The liability of Guarantor under the Repayment Guaranty and the Completion Guaranty shall be a continuing liability and shall not be affected by (nor shall anything herein contained be deemed a limitation upon) the amount of credit which may be extended to Borrower or the number of transactions with Borrower, it being the understanding of Guarantor that Guarantor’s liability shall continue hereunder so long as there are any Obligations of Borrower outstanding.
2. Completion. For purpose of the Completion Guaranty, completion of the Project free and clear of liens shall be deemed to have occurred upon Completion.
3. Obligations of Guarantor Upon Default by Borrower.
a. With respect to the Payment Guaranty, upon an Event of Default (which would include the passage of any applicable notice or grace period), an independent action may be taken to collect from the Guarantor the outstanding Obligations whether or not any action has been taken against Borrower or any of the Collateral.
b. With respect to the Completion Guaranty, the Guarantor shall guarantee the obligations of Borrower under Section 5.1 of the Loan Agreement, and, if applicable, the obligations of Borrower under Section 6.3 of the Loan Agreement. Without in any way limiting the above obligations of Guarantor with respect to those provisions of the Loan Agreement, Banks may make, in their sole discretion, the undisbursed Loan funds available to Guarantor (pursuant to the terms and conditions of the Loan Documents) for the purposes of completing the Project and fulfilling Guarantor’s completion obligations under this Guaranty.

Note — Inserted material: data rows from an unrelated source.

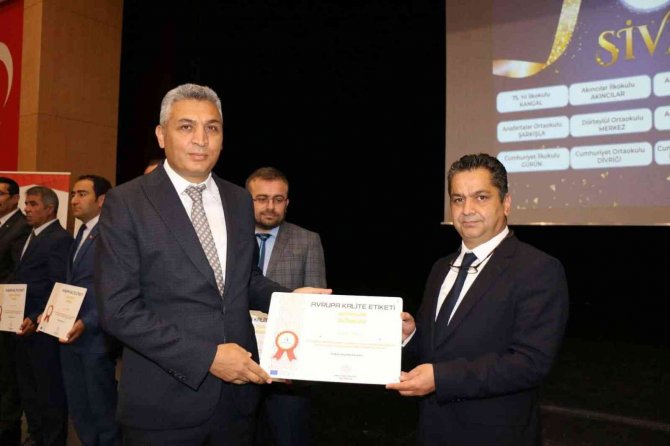 Sivas’ta Etwinning Projeleri Ödüllendirildi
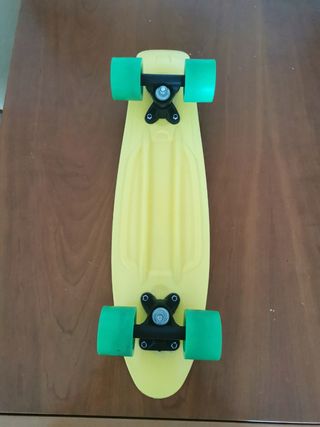 Monopatín amarillo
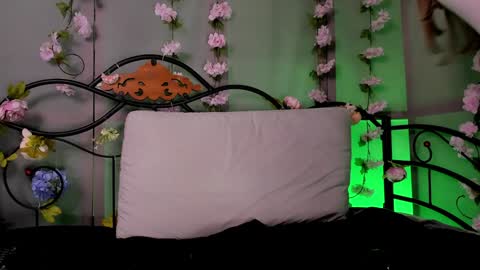 hi guys Im new here Im 18 years oldIve never had sex online show from January 14, 3:36 pm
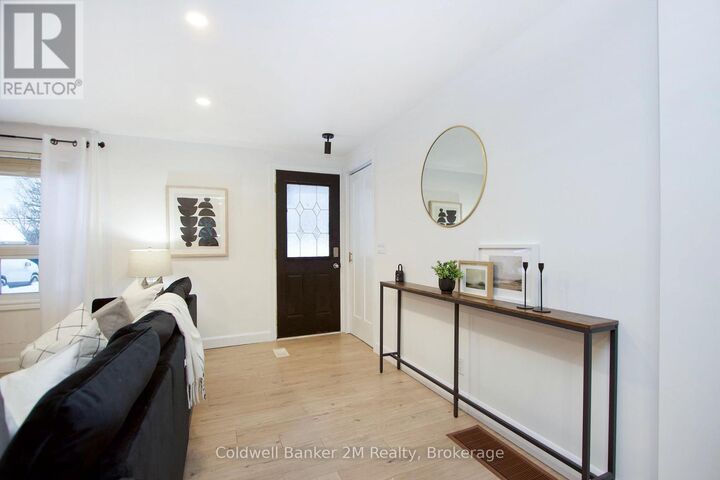 Photo de la propriété: 812 Burnham Street ON K9A 2X7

The decision of Banks to make such undisbursed Loan funds available to Guarantor may be based upon, among other things: (x) there being no continuing Event of Default attributable to Guarantor; and (y) Borrower (and/or Guarantor) having provided to Banks all required equity funding under the Loan Agreement.

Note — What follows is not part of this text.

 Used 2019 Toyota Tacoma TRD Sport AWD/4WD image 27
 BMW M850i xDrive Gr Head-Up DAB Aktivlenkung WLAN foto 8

c. Notwithstanding anything herein to the contrary, Guarantor’s obligation under the Completion Guaranty shall be met at any time if Guarantor (a) pays off in full all outstanding principal, accrued interest, and other outstanding amounts under the Real Estate Loan, (b) pays off all outstanding principal, accrued interest, and other outstanding amounts under the Aggregate Revolving Commitment including the posting of cash collateral for any outstanding Facility LCs in accordance with the terms of the Loan Agreement, and (c) delivers to the Administrative Bank a written acknowledgment from Guarantor and Borrower indicating that the Aggregate Revolving Commitment and the Real Estate Commitment are terminated and the Banks have no further obligation with respect thereto.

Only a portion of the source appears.